I have a problem using LM741 for an non-inverting amplifier.
The schematic is attached.

A little explanaition :

The main problem is that i need to power the lm741s with a single 5 V power from the arduino. The second lm741 is the one who will amplificate the signal received from the sensor (here represented as a power supply).
The first lm741 instead it's configured as buffer, his job is putting the input pins of the lm741 at a 2,5 volt reference value, that is the reference of the second lm741.

Now the issues i have :

Depending on the gain I choose for the amplifier the lm741 will saturate at different voltages, for example

R_2 = R_1 -> gain = 2 -> high saturation voltage = 4,7 ; low saturation voltage = 0,9

R_2 = 10 * R_1 -> gain = 11 -> high saturation voltage = 4,2 ; low saturation voltage = 1,8

R_2 = 100 * R_1 -> gain = 101 -> high saturation voltage = 4 ; low saturation voltage = 3

So the saturation values change depending on the gain, note that in some case the reference value of the second lm741 (that should be 2,5 V) it's not included in the saturating range. This lead to the second issues, if instead of the sensor i put an external voltage supply, that provide 0,1 V i expect the lm741 to saturates high, and instead saturates low. I think it could be because the reference value of the second lm change as the saturation voltages do.

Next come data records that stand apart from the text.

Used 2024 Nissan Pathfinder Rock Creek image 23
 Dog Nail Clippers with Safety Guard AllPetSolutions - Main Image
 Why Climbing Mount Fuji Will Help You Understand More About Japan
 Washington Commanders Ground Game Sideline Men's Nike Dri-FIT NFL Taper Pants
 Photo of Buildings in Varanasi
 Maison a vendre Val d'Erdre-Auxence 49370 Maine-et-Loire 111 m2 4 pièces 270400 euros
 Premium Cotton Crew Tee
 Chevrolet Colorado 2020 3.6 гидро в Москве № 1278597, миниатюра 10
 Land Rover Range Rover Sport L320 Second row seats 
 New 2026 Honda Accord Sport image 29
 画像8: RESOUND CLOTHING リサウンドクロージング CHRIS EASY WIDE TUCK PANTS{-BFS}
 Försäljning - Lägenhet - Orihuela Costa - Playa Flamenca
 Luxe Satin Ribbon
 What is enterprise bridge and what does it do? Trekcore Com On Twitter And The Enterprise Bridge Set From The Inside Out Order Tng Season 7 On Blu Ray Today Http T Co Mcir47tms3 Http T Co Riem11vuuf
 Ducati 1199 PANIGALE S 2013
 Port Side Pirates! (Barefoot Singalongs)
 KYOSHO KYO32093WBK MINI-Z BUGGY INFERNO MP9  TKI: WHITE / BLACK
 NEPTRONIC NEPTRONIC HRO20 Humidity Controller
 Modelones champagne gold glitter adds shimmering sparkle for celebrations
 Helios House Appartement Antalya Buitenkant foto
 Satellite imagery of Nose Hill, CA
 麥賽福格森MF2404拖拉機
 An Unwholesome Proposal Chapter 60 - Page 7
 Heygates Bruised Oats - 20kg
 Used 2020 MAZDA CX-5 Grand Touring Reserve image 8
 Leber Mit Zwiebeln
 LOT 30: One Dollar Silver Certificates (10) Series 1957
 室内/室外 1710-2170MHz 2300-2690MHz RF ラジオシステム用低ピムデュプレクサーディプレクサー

What could be the problem? Maybe the supply power i provide it's not sufficient?

here's the datasheet of my lm741: http://www.ti.com/product/ua741

(Pls note that the name of the op amps in the schematic is not matching the one im actually using)

Tell me if you need some more infos.

Thank you in advance.


I am sure there is a better op-amp for this. The LM741 was not designed to be used on a 5v single supply. The output will not swing rail-to-rail, and the common-mode input voltage range limitation may cause unpredictable result if exceeded.

What is that .op device on the left? What is its function here?


R1 and R2 set the reference voltage. R3 and R4 set the feedback voltage. Because you've connected R3 to the reference voltage, a change in Vref will also change the amplification (as this is controlled by the feedback voltage). If you want to use this as an amplifier with a 2.5 V offset, connect R3 to GND, not Vref. Then use R3 and R4 to control the gain. An LM741 won't go rail to rail (0-5V) in any case.




@ Surfer tim
the .op time isn't anything, don't care about it


I'm quite sure R_3 must connected to V_ref = 2,5 V:

V- and V+ are the voltages at the - and + pins of the second op amp, then

V- = V+ and I- = I+ = 0 (because of the properties of the op amp)
So if I apply Ohm's law at the node between R3 and R4
{V_ref - (V_ref + V_sensor) } / R3 = (V_ref+V_sensor - V_out) / R4

If you solve for v_out :

V_out = V_ref + (V_sensor ) (1+ R4/R3)

That is exactly what I need to read from arduino analog pin, no?


Sep 29, 2012, 04:02 pm Last Edit: Sep 29, 2012, 04:37 pm by SurferTim Reason: 1
So I have this correct, U2 is just providing the "virtual ground" on a +-2.5v split power supply?

edit: The output will oscillate around 2.5 volts ("virtual ground") with that gain of 2. I don't know about the sensor output or design.

Due to the design of the 741, the output will not get lower than 1 volt, nor higher than about 4 volts.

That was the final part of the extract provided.